### DATA EXCERPT

------------------------------

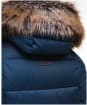 Women's Barbour Marjoram Puffer Jacket - DARK NAVY/BLACKW
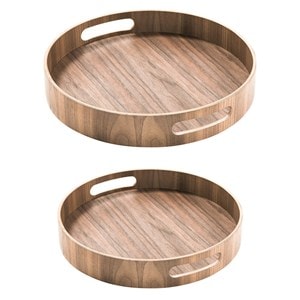 Set de 2 plateaux ronds 35.5 cm et 40,5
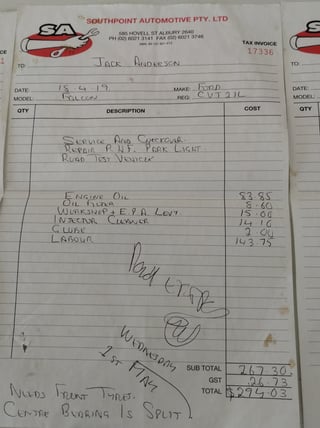 2003 Ford BA Falcon XR6 Turbo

------------------------------

### TASK BRIEF
Please return the listing above exactly and leave every picture out.

### SOLVED EXERCISE
 Women's Barbour Marjoram Puffer Jacket - DARK NAVY/BLACKW
 Set de 2 plateaux ronds 35.5 cm et 40,5
 2003 Ford BA Falcon XR6 Turbo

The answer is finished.